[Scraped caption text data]
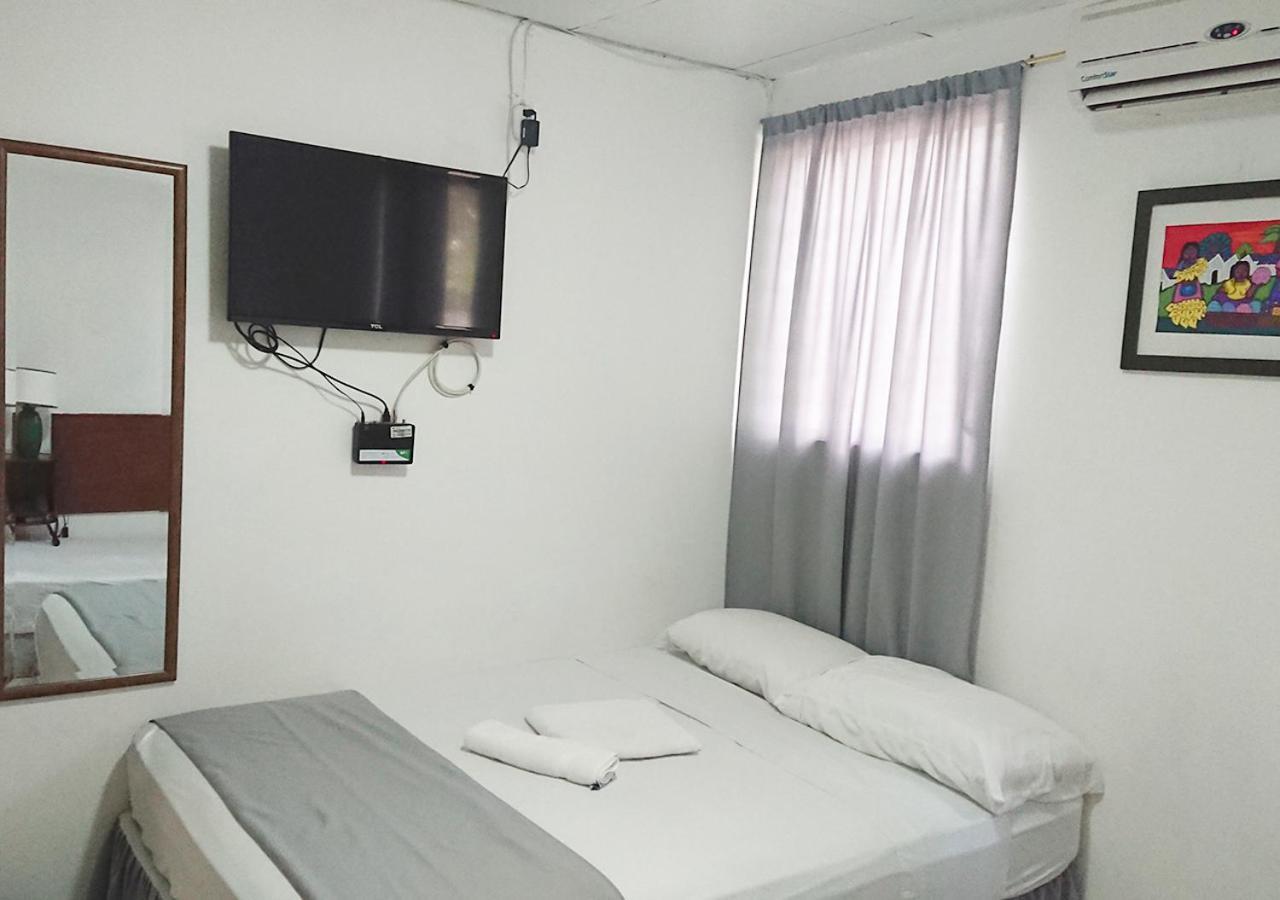 Hotel El Torogoz 2*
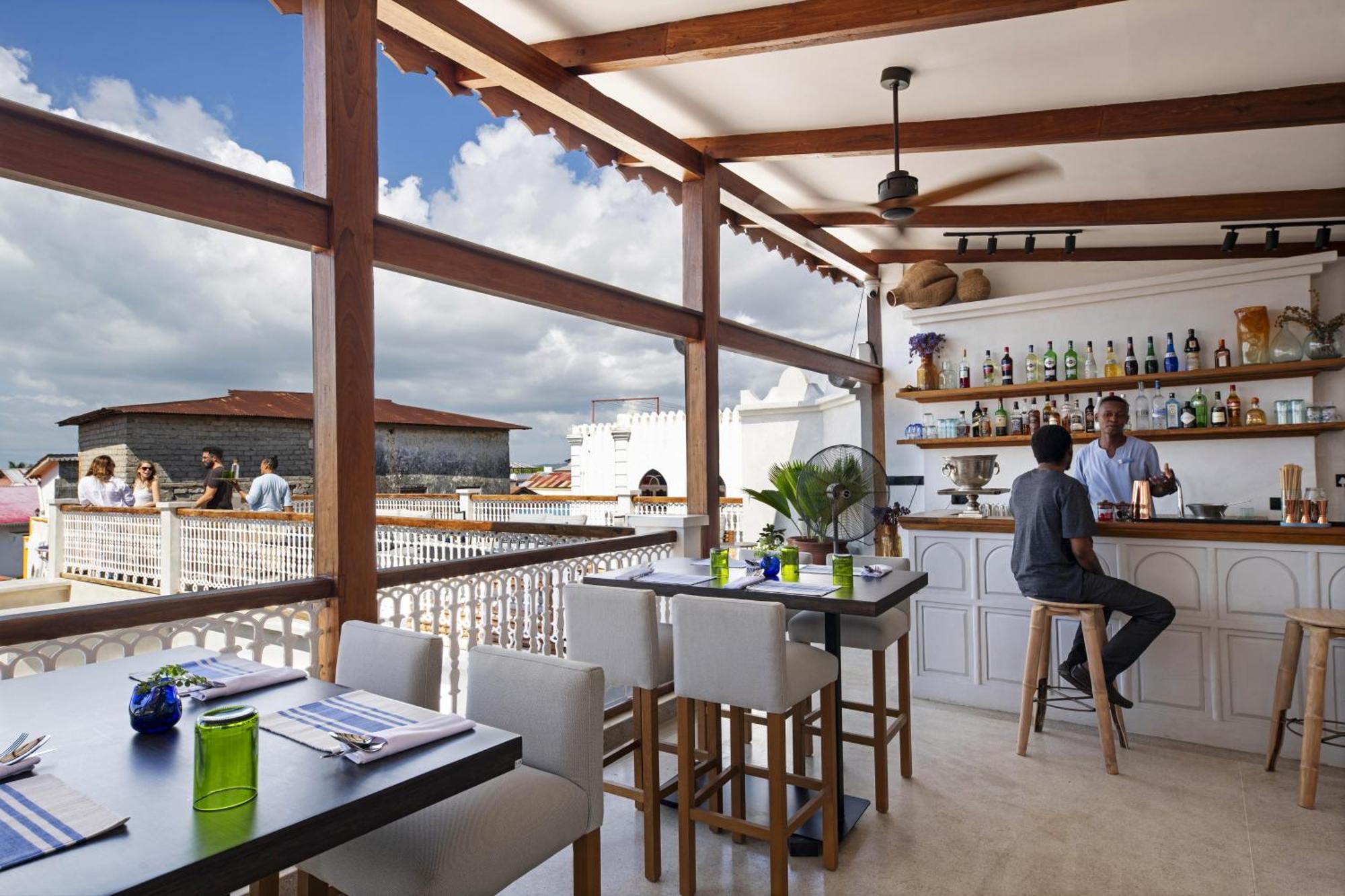 The Neela Boutique Hotel Stone Town Zanzibar ภายนอก รูปภาพ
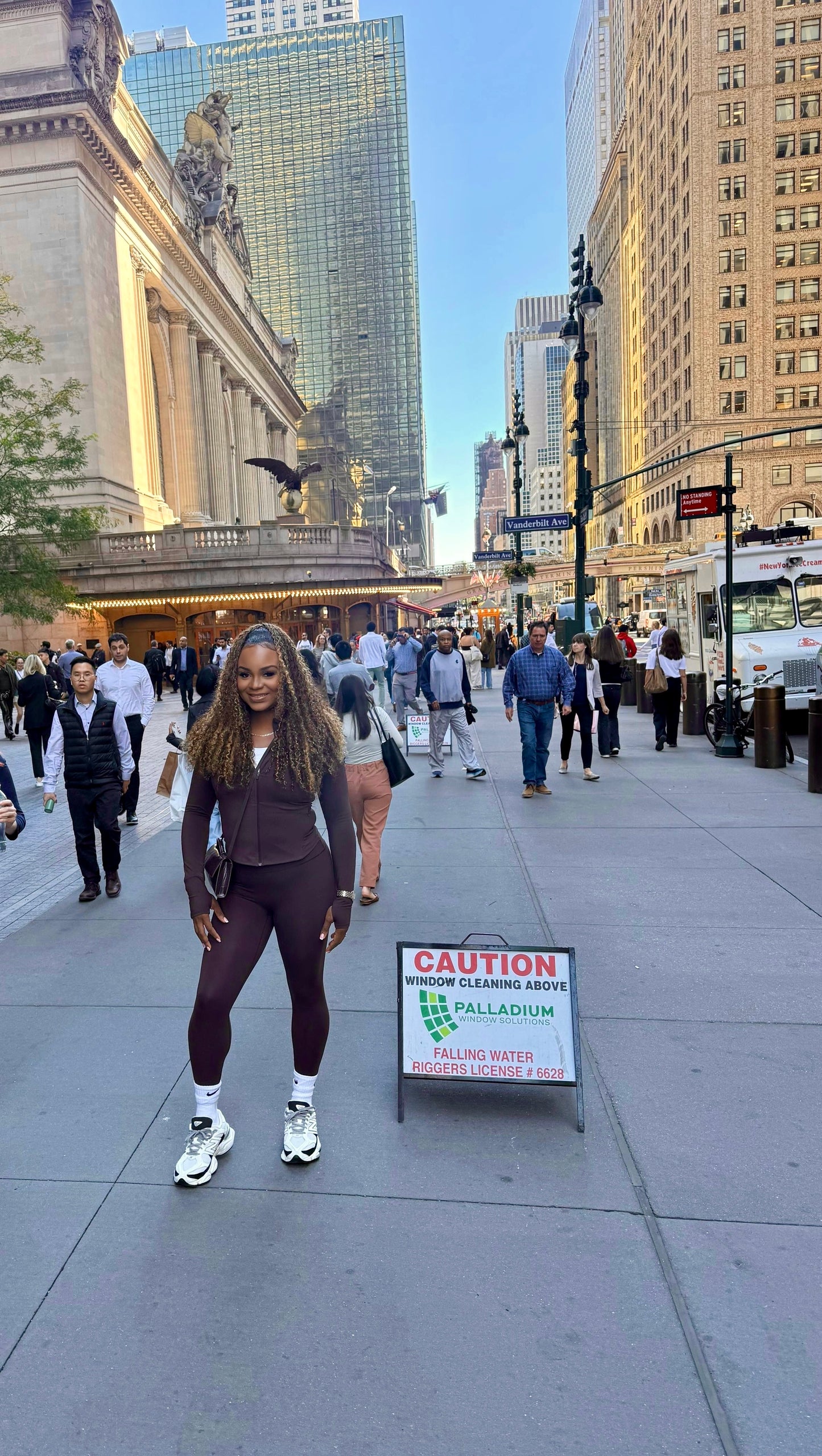 Vietnamese honey blonde pixie curly bundles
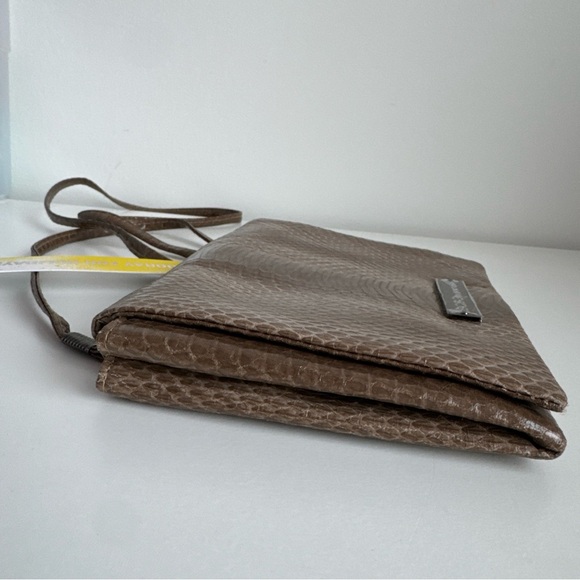 Bcbgeneration Snakeskin Cross-body bag - Picture 8 of 8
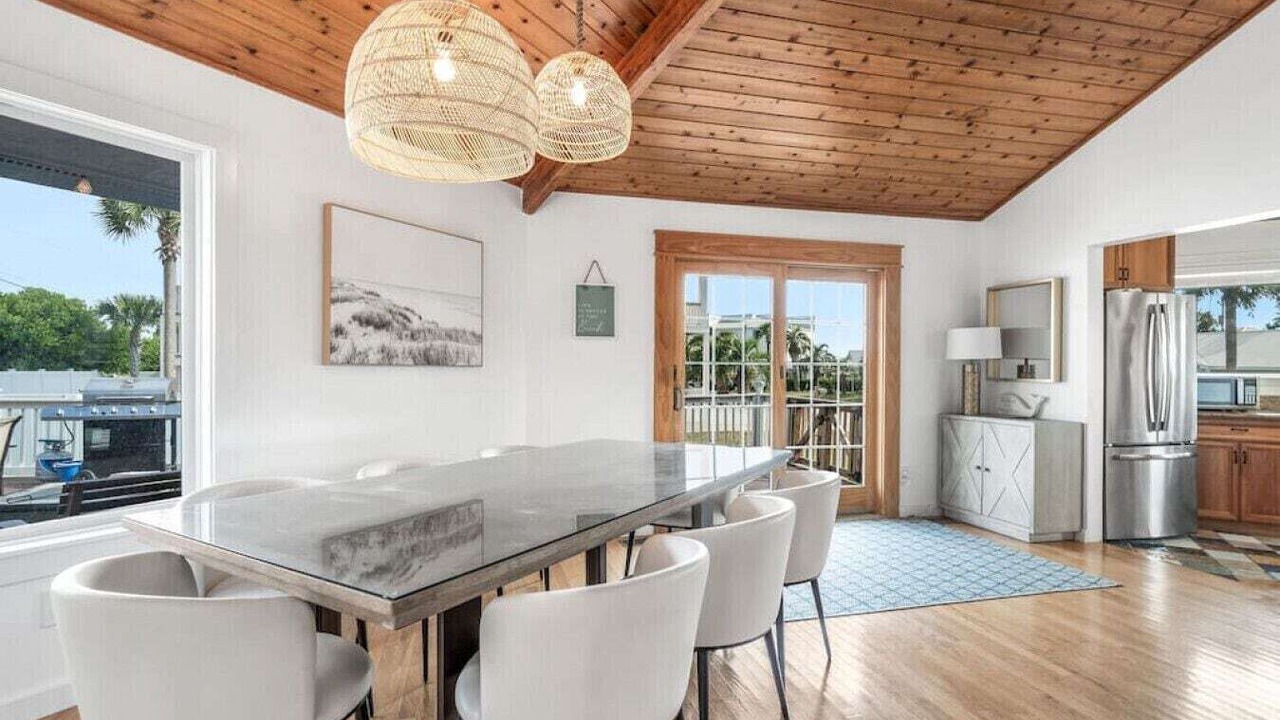 Photo of Livingroom in Santa Monica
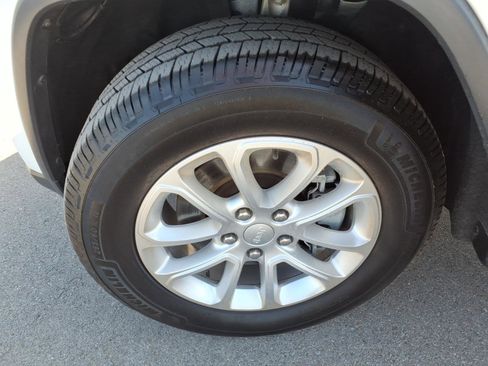 Used 2022 Jeep Grand Cherokee Laredo E image 3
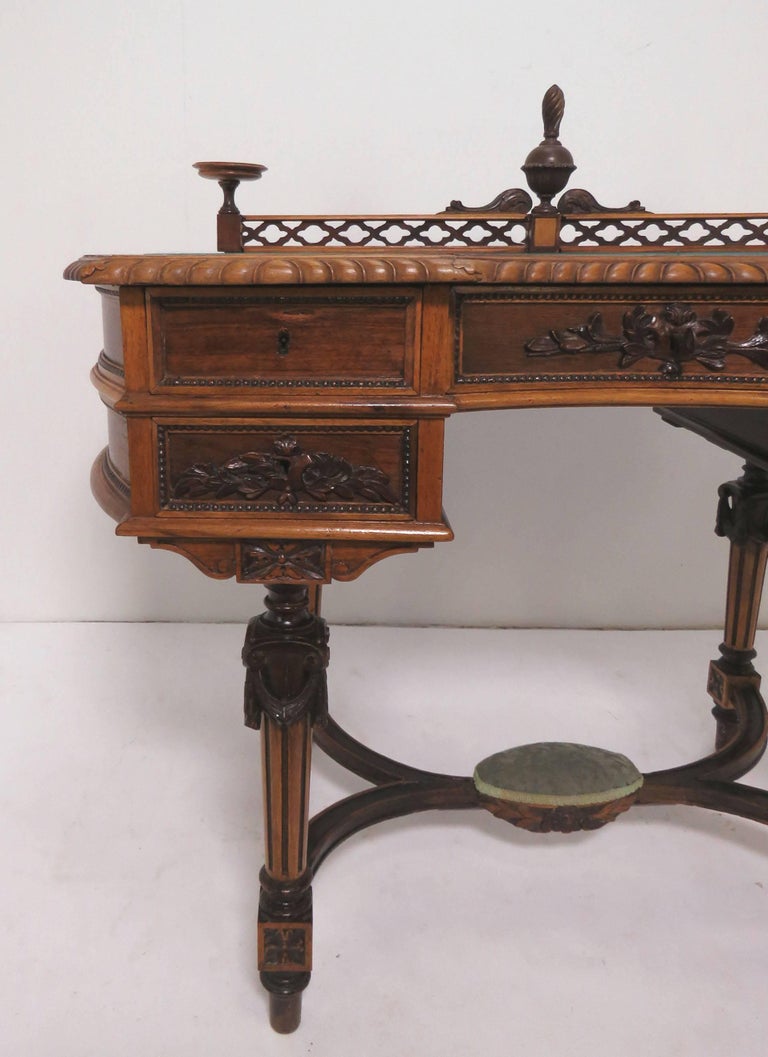 Antique Victorian Era Ladies Writing Desk, Circa 1860s At 1stdibs Antique Victorian Era Ladies Writing Desk, circa 1860s In Good Condition For Sale In Peabody - Antique Victorian Era Ladies Writing Desk, Circa 1860s At 1stdibs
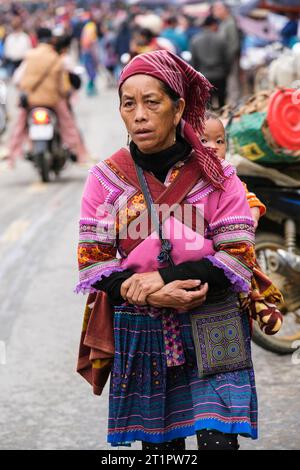 Cau Marktszene, Vietnam. Hmong Mutter mit Kind auf dem Rücken. Provinz Lao Cai. Stockfoto
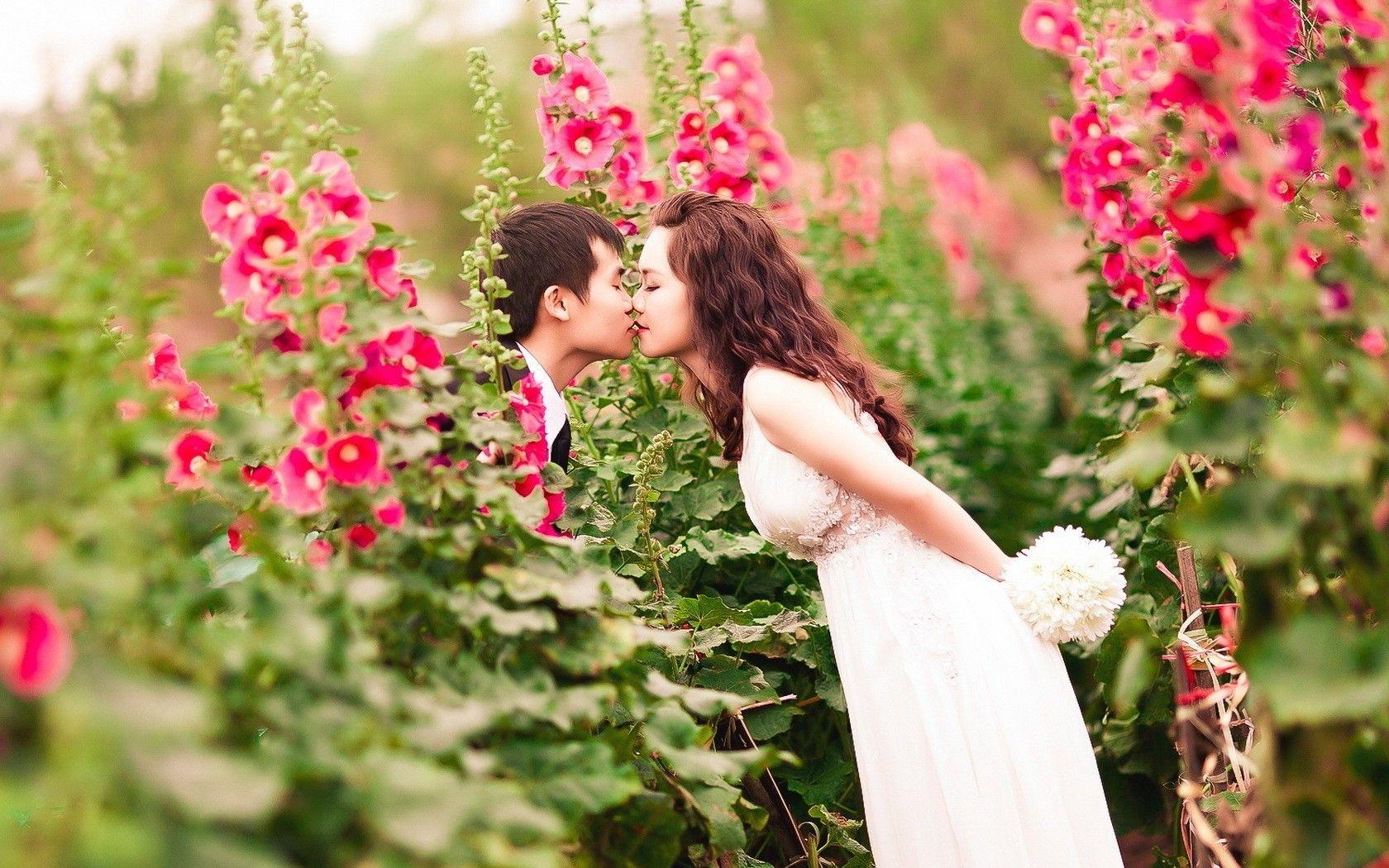 1680x1050 Love Man Woman Different Kiss Wallpaper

## Prompt
The entries are to be written out again exactly, though without any images.

## Answer section
 Hotel El Torogoz 2*
 The Neela Boutique Hotel Stone Town Zanzibar ภายนอก รูปภาพ
 Vietnamese honey blonde pixie curly bundles
 Bcbgeneration Snakeskin Cross-body bag - Picture 8 of 8
 Photo of Livingroom in Santa Monica
 Used 2022 Jeep Grand Cherokee Laredo E image 3
 Antique Victorian Era Ladies Writing Desk, Circa 1860s At 1stdibs Antique Victorian Era Ladies Writing Desk, circa 1860s In Good Condition For Sale In Peabody - Antique Victorian Era Ladies Writing Desk, Circa 1860s At 1stdibs
 Cau Marktszene, Vietnam. Hmong Mutter mit Kind auf dem Rücken. Provinz Lao Cai. Stockfoto
 1680x1050 Love Man Woman Different Kiss Wallpaper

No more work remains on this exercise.